What to do —
Report every line from the material that contains the word "KAANY".

[Opening Dataset extract section]

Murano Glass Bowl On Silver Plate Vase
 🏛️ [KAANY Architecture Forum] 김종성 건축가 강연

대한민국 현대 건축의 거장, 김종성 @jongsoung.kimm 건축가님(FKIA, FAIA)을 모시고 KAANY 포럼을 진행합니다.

[Closing Dataset extract section]

Output of the task —
 🏛️ [KAANY Architecture Forum] 김종성 건축가 강연
대한민국 현대 건축의 거장, 김종성 @jongsoung.kimm 건축가님(FKIA, FAIA)을 모시고 KAANY 포럼을 진행합니다.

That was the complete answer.